Many fluid flows of practical interest occur in situations where the fluid and/or the enclosing boundaries are hot. In such situations, the effect of radiant heat transfer may become important. A typical environment where radiation plays a significant role is a furnace or other such combustion chamber.
Two limits can be identified in the way that radiation interacts with a fluid or solid medium. One extreme is the situation where the medium is transparent to radiation at wavelengths in which the majority of the heat transfer occurs. In this case, the radiation only affects the medium by heating or cooling the surfaces of the domain, with no radiant energy transfer directly to the medium. Only the Monte Carlo model should be used for this limiting case. The Discrete Transfer model has also been used in this limit, but with limited success.
The opposite extreme is the situation in which the medium is optically dense, and radiation interacts with the medium throughout the interior of the domain, as well as at surfaces. If the medium is optically dense, radiant energy is either scattered, or absorbed and re-emitted in all directions with a small length scale compared to the size of the domain. This situation is known as the "diffusion limit," because radiant intensity is independent of direction. (Note that there is no assumption that the radiation is "diffuse," in the sense of "rarefied.") In this limit, the Rosseland and P1 models are an attractive alternative to the Discrete Transfer and Monte Carlo models because of their simplicity.
For general cases, ranging from optically thin (transparent) to optically thick (diffusion) regions, like combustion, the Discrete Transfer and the Monte Carlo models more accurately represent the solution of the radiative transfer equation.
The Thermal Radiation Model can be selected from the Fluids/Solids Models form on the
Domains tab whenever a heat transfer model has been set to Thermal Energy or Total Energy.
The default for the Thermal Radiation Model is None.
Once a thermal radiation model has been selected, two additional submodels must also be chosen: the spectral model and the scattering model. For details, see Spectral Model and Scattering Model.
The radiation modeling options in CFX enable you to:
Set up a gray/non-gray media enclosed by opaque diffuse surfaces, except at openings (inlets, outlets and openings), which are considered fully transparent.
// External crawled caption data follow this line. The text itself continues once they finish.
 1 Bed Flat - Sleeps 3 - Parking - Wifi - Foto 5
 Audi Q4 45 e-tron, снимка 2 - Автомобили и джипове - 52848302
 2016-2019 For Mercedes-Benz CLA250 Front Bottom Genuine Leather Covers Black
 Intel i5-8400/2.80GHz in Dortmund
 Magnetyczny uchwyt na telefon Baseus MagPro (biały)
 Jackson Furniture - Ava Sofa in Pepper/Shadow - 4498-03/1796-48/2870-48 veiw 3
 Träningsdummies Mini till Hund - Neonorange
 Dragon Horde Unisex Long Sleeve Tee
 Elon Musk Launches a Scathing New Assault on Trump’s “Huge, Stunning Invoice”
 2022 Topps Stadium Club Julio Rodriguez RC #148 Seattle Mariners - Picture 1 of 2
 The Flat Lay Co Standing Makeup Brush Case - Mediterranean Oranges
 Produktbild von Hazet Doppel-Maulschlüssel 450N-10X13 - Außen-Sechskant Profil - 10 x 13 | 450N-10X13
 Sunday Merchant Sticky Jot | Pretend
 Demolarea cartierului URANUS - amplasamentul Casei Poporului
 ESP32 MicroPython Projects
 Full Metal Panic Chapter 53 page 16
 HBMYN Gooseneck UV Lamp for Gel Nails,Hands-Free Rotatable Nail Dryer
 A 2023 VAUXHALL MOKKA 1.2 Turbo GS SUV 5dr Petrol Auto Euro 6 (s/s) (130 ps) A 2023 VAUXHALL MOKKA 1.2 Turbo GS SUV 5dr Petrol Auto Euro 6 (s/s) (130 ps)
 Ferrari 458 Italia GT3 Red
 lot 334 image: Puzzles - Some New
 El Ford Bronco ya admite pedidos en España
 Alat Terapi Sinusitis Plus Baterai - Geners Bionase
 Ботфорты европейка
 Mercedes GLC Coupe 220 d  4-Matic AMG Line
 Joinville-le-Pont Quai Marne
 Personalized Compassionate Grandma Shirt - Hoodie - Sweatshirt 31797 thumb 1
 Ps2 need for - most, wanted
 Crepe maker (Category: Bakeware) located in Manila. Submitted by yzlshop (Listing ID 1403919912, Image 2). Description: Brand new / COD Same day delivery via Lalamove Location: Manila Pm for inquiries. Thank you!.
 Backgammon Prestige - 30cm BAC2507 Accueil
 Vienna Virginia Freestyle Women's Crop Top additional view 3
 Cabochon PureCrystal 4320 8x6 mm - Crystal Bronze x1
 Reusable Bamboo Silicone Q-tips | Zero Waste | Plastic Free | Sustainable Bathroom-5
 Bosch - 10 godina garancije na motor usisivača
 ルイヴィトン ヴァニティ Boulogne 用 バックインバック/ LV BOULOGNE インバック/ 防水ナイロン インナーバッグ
Symmetry planes and periodic boundaries are treated as specular surfaces when using the Discrete Transfer or Monte Carlo models.
Select any of the thermal radiation models in any fluid or porous domains[1]. For solid domains, only the Monte Carlo option is available.
Set up spectral dependent radiation quantities (material properties, radiation sources, directions, surface properties) via CEL expressions by using any of the available spectral variables: frequency, wavelength in vacuum, or wavenumber in vacuum.
Setting of boundary conditions at walls, domain interfaces, and open boundaries: inlets, outlets and openings.
[1] As long as radiation does not travel through the solid separating two fluid domains, you may have different radiation models on each side of the solid.